_SUPPLIED INFORMATION:_
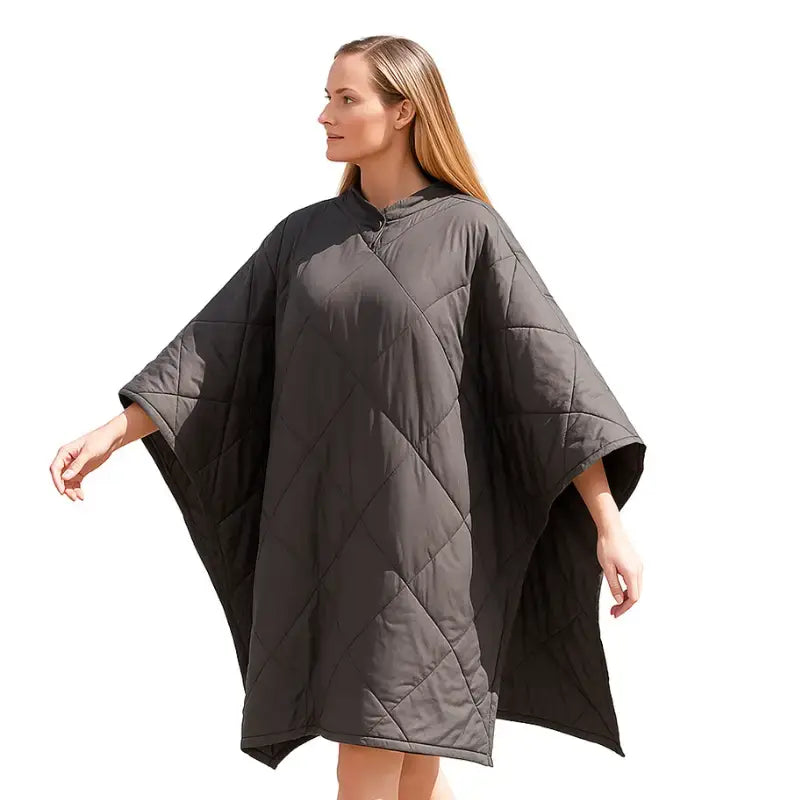 Couverture randonnée matelassée polyester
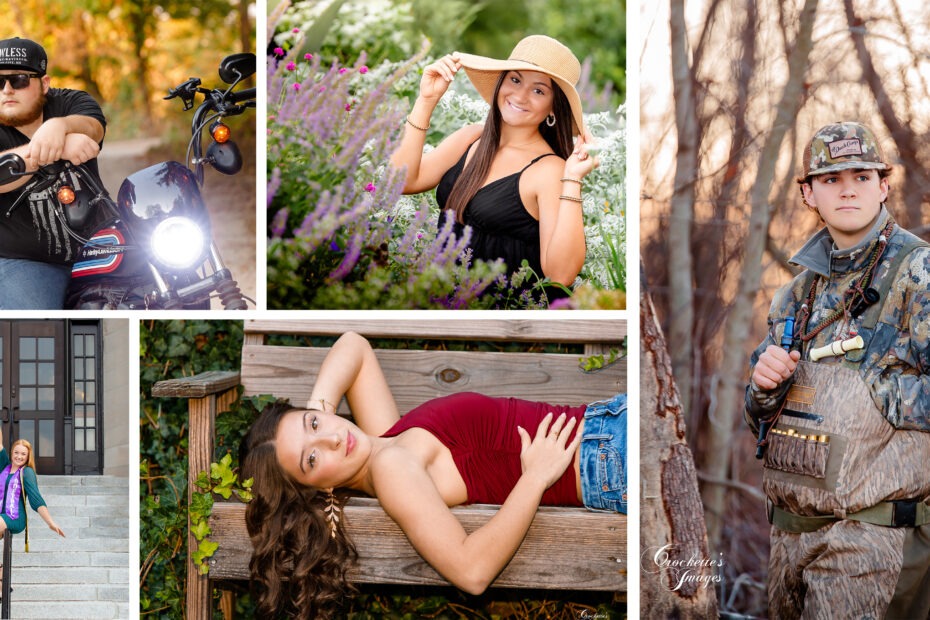 High School senior girls and boys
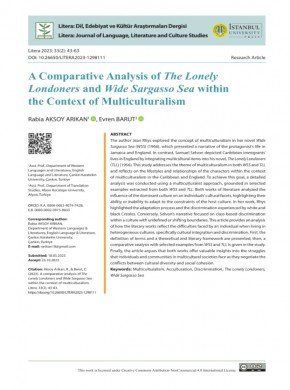 Litera-journal Of Language Literature And Culture Studies期刊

_WORK TASK:_ Once the line containing "High School senior girls and boys" is found, transcribe it and the rest of the lines to the end of the listing above exactly, omitting all pictures.

_FINAL ANSWER:_
 High School senior girls and boys
 Litera-journal Of Language Literature And Culture Studies期刊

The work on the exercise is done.